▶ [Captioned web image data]
+ + +

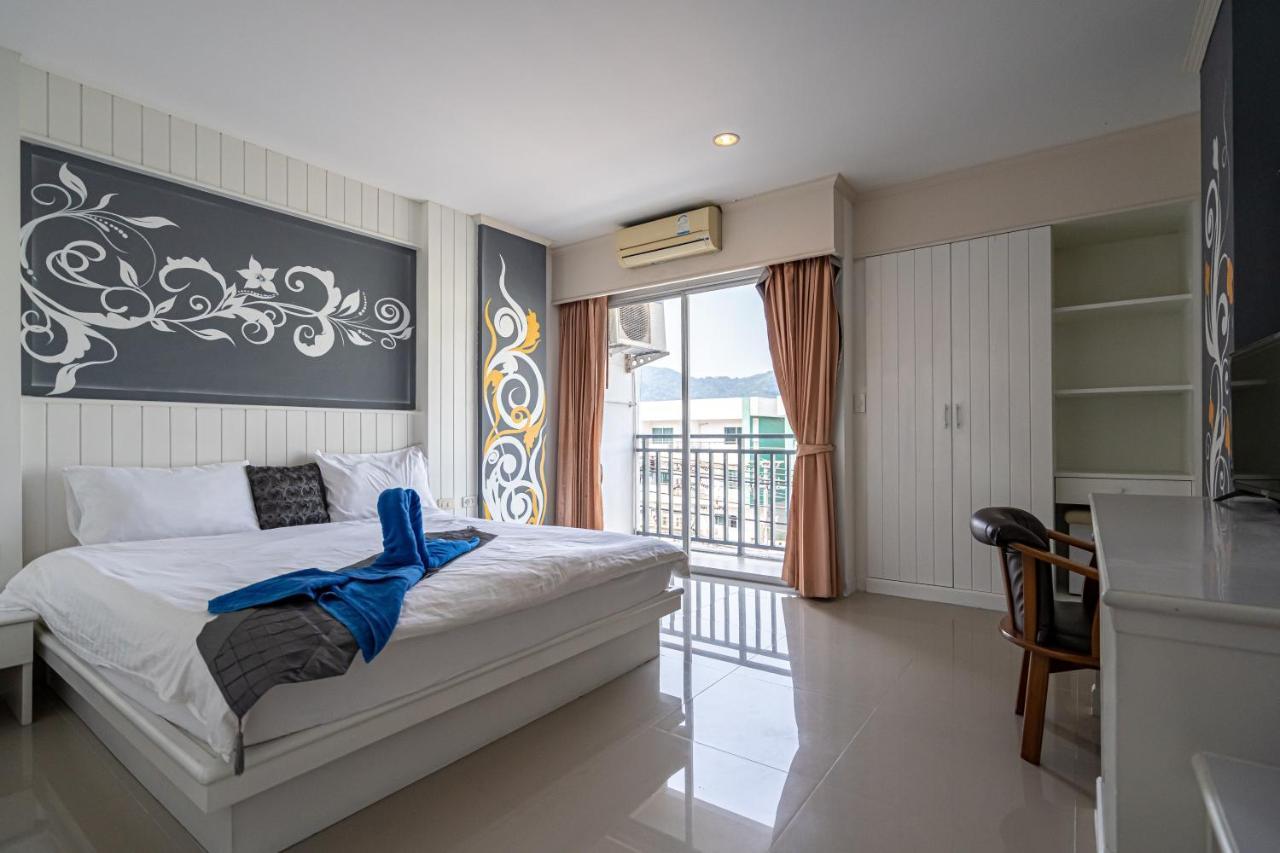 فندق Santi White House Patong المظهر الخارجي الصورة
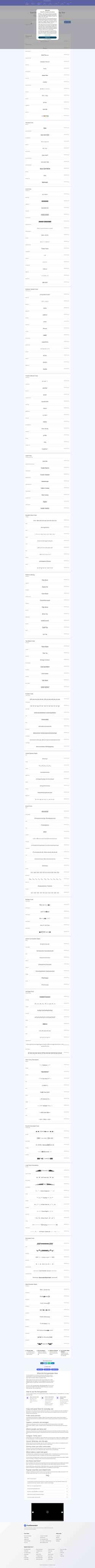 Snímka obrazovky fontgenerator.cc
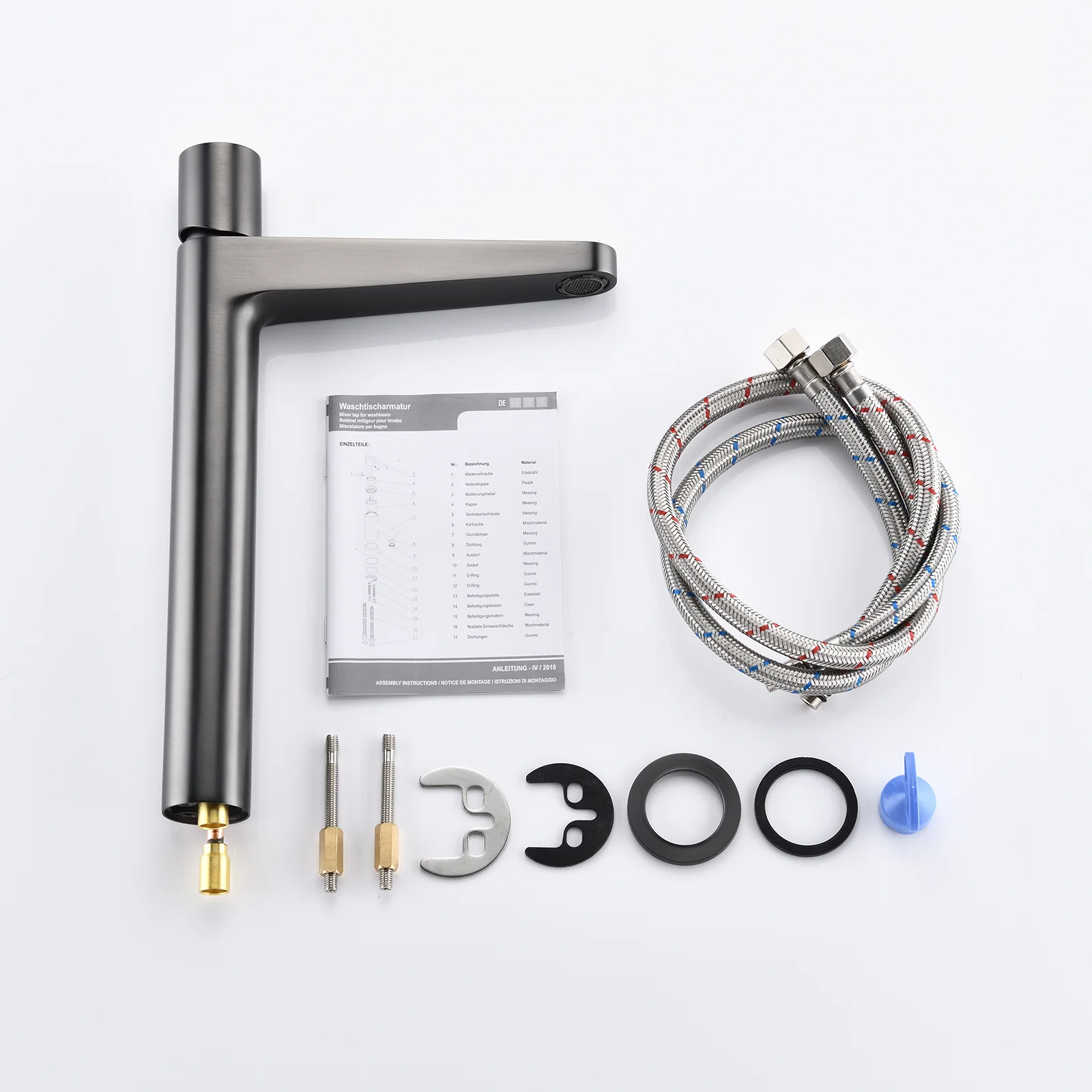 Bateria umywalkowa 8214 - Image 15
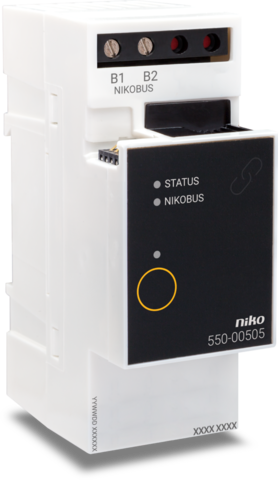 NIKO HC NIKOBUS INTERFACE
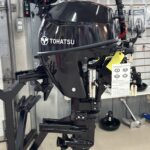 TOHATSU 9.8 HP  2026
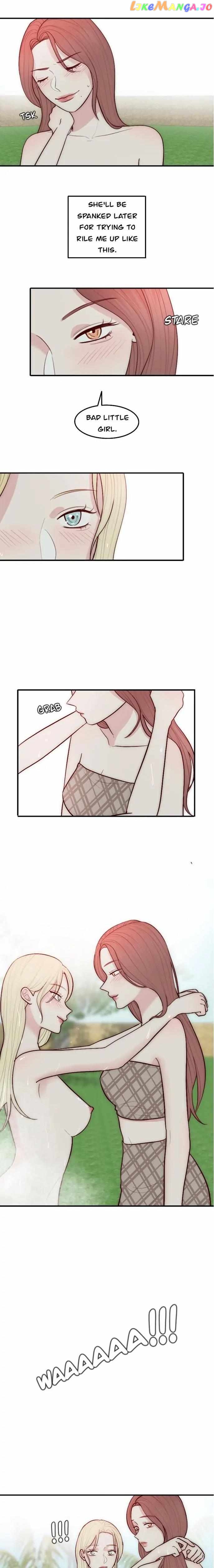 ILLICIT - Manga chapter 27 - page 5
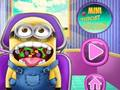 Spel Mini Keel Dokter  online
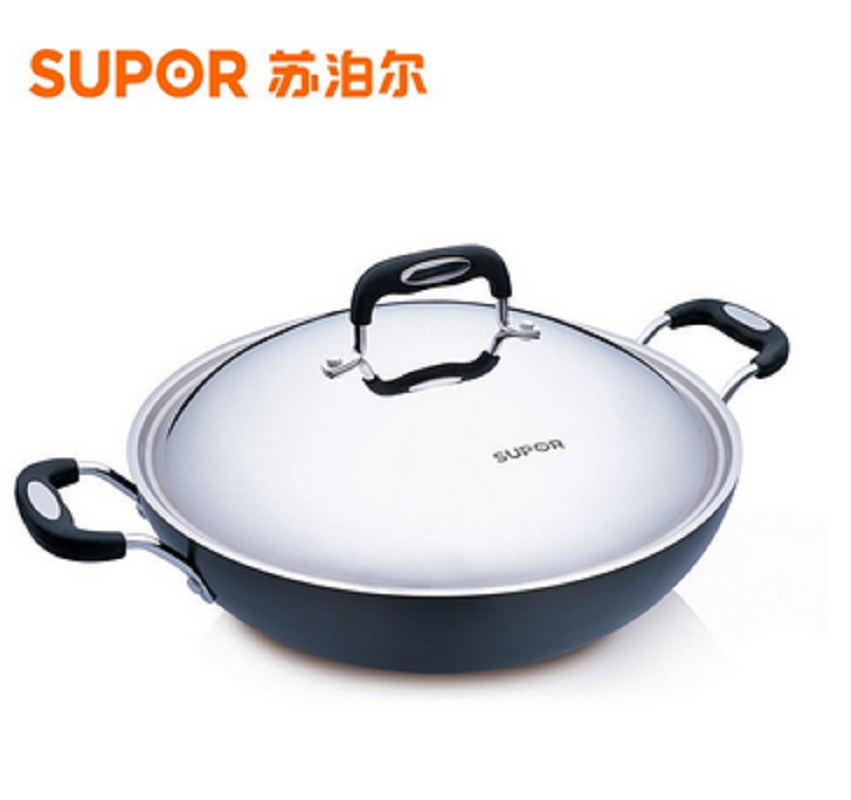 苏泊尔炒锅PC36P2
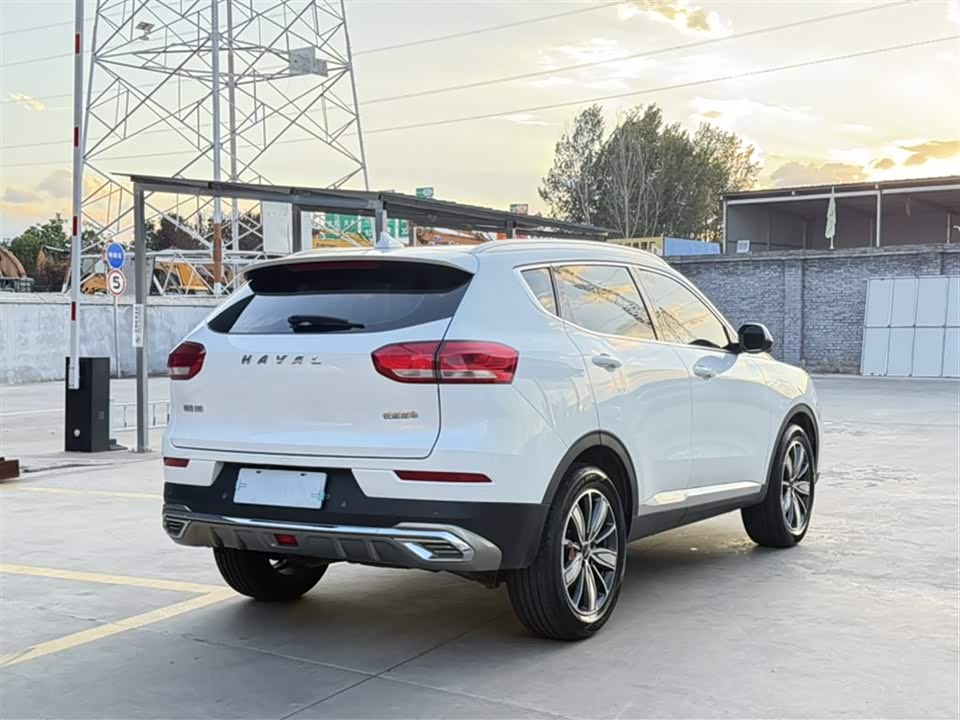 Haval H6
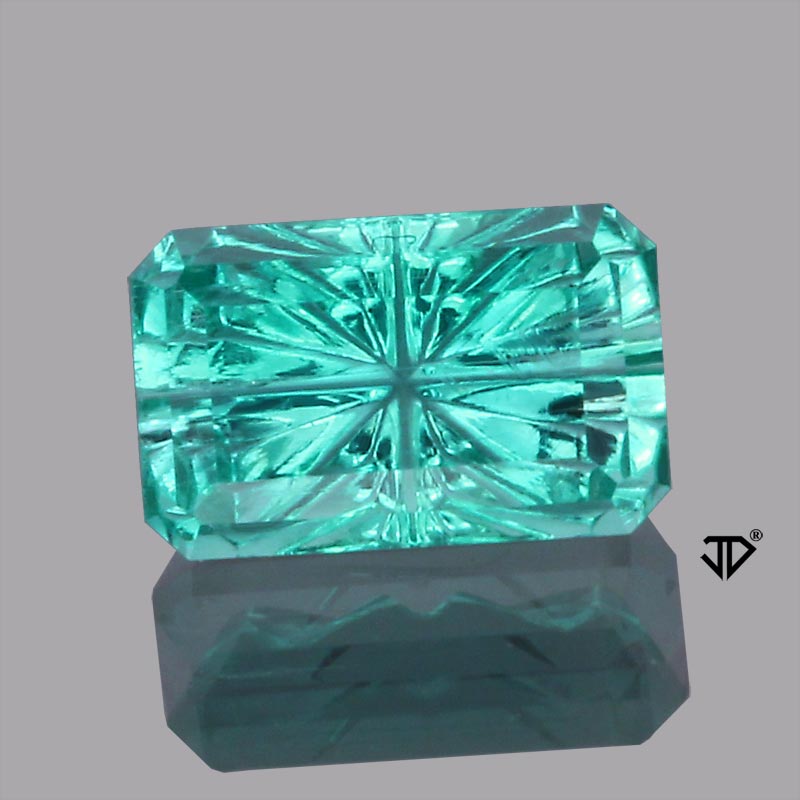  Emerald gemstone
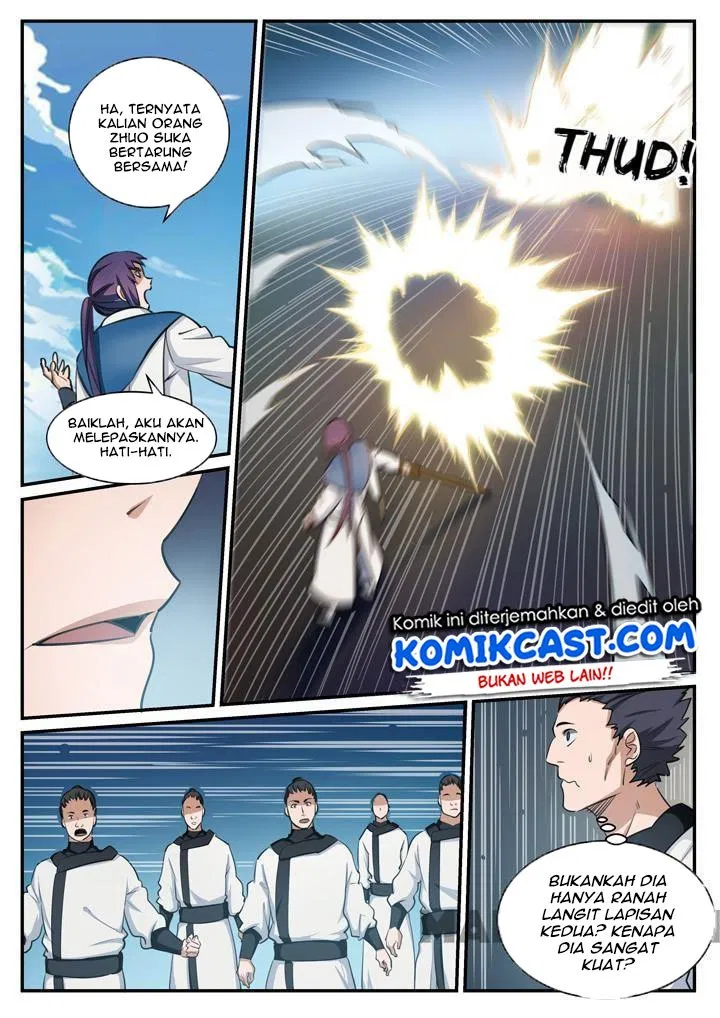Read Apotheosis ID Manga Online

+ + +

Write every record out again exactly; no pictures belong in the copy.

 فندق Santi White House Patong المظهر الخارجي الصورة
 Snímka obrazovky fontgenerator.cc
 Bateria umywalkowa 8214 - Image 15
 NIKO HC NIKOBUS INTERFACE
 TOHATSU 9.8 HP  2026
 ILLICIT - Manga chapter 27 - page 5
 Spel Mini Keel Dokter  online
 苏泊尔炒锅PC36P2
 Haval H6
  Emerald gemstone
Read Apotheosis ID Manga Online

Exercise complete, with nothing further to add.